The United States has more than twice the premature overdose death rates of more than 12 other wealthy nations, according to a new study published in the journal Annals of Internal Medicine on Monday.
Researchers from the U.S. National Cancer Institute (NCI) used what they noted was “high-quality death certificate data” from the World Health Organization Mortality Database from the years 2001 to 2015 to conduct the survey. Other nations included were Australia, Chile, Denmark, England and Wales, Estonia, Finland, Germany, Mexico, the Netherlands, Norway, and Spain. Data from England and Wales was combined for the study’s purposes.
In the U.S. in 2015, drug overdoses accounted for 35 deaths in 100,000 men and 20 deaths in every 100,000 women, according to a report on the survey in U.S. News and World Report. Men’s overdose deaths typically occur at double the rate of women in a particular population. In comparison with the U.S., the next highest rate was found in Estonia, where drug overdoses accounted for 20 deaths per 100,000 men.

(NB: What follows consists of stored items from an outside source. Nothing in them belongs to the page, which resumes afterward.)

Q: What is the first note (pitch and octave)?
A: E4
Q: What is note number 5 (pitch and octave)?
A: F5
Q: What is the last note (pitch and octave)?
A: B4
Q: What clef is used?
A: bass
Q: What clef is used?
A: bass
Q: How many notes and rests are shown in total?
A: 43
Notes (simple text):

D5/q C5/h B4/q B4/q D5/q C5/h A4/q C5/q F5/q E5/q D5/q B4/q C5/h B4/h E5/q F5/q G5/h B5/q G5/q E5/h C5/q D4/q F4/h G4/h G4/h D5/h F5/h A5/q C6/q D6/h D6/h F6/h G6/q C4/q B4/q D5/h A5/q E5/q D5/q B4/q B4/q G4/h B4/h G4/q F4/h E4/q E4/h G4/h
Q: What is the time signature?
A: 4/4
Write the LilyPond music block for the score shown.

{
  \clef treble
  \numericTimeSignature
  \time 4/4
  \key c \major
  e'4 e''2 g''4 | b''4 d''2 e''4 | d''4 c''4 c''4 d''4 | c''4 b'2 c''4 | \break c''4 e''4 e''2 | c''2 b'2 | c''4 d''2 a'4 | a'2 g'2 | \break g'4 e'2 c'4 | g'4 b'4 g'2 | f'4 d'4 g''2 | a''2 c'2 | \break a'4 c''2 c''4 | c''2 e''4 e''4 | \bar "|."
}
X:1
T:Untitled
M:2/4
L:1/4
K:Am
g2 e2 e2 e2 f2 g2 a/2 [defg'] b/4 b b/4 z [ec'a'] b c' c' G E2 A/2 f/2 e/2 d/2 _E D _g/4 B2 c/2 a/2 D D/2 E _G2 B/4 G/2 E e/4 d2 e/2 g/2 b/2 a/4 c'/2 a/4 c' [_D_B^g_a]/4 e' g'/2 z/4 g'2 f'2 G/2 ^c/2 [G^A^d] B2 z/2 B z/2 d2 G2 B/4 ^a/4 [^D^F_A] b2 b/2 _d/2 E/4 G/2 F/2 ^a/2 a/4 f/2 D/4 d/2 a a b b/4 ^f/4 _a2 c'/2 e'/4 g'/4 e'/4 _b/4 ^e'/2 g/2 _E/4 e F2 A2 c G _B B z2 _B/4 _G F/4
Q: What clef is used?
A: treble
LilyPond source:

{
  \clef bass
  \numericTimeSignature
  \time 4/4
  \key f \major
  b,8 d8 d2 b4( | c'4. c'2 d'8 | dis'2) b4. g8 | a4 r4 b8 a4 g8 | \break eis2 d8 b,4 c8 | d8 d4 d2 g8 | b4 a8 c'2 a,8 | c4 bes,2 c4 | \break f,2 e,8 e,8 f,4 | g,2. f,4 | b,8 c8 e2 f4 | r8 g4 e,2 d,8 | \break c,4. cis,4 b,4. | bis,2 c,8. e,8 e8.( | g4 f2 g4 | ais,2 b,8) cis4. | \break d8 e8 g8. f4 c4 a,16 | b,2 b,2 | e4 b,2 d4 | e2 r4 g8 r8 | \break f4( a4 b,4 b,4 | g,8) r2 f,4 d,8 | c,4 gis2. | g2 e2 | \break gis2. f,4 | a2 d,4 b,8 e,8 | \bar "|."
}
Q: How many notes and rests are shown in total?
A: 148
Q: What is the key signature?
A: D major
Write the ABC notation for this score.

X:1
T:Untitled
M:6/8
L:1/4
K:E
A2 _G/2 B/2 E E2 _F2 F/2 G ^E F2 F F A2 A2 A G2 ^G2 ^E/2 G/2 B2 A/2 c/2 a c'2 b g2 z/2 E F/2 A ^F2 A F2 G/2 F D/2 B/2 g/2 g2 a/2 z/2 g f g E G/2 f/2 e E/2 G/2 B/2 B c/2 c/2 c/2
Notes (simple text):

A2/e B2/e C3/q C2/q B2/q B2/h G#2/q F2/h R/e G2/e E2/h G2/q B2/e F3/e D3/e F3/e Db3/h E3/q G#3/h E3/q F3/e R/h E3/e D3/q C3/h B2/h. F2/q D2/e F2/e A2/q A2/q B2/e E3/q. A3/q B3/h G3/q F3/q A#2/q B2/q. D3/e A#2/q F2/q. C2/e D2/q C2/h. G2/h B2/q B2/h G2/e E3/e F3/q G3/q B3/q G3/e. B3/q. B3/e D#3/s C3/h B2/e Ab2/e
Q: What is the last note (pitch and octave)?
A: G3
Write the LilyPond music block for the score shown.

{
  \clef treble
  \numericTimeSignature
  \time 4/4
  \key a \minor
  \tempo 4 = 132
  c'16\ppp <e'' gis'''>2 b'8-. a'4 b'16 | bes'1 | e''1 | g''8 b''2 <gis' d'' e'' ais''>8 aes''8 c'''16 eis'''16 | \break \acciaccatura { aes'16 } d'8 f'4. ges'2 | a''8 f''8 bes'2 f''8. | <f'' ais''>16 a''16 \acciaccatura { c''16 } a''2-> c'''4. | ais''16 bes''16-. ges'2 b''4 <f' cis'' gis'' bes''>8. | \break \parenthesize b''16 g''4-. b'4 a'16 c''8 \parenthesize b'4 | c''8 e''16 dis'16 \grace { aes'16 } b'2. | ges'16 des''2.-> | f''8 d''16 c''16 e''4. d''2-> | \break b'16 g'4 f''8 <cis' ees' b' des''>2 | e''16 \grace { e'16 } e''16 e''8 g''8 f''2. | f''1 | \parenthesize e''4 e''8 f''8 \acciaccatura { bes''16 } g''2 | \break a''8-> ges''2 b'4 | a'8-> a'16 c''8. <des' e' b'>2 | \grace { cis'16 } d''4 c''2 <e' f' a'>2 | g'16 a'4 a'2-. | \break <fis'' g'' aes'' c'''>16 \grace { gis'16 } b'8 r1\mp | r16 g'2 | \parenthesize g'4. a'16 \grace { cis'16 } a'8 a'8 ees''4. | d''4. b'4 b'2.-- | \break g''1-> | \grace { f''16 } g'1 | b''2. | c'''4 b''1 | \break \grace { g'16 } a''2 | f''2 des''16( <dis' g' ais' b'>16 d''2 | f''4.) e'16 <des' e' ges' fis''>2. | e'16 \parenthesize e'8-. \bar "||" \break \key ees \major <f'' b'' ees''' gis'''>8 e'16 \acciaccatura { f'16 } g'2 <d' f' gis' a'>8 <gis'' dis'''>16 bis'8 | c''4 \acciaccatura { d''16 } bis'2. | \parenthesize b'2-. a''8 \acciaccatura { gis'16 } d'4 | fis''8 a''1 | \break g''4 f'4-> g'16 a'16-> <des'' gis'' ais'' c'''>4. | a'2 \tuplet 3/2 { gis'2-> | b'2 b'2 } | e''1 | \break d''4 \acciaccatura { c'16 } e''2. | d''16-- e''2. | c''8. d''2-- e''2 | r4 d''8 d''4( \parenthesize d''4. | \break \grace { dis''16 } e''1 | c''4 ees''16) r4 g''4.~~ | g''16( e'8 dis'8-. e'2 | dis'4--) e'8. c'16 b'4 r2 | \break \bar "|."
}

While troubling, this doesn’t come as a total shock to anyone paying attention how U.S. drug overdose rates have been climbing in recent years, with a record-number 71,568 Americans dying from drug overdoses in 2017 alone, according to the Centers for Disease Control and Prevention (CDC). Drug overdoses now outpace other fatalities including suicide and death from the flu and pneumonia, and that’s largely caused by the growing opioid crisis, including deaths caused by potent synthetic opioids such as fentanyl. In 2016, fentanyl accounted for nearly half of all overdose deaths, a previously unheard-of rate.
Researchers have also noted that in the 21st century, drug overdose mortality rates in the U.S. have more than doubled.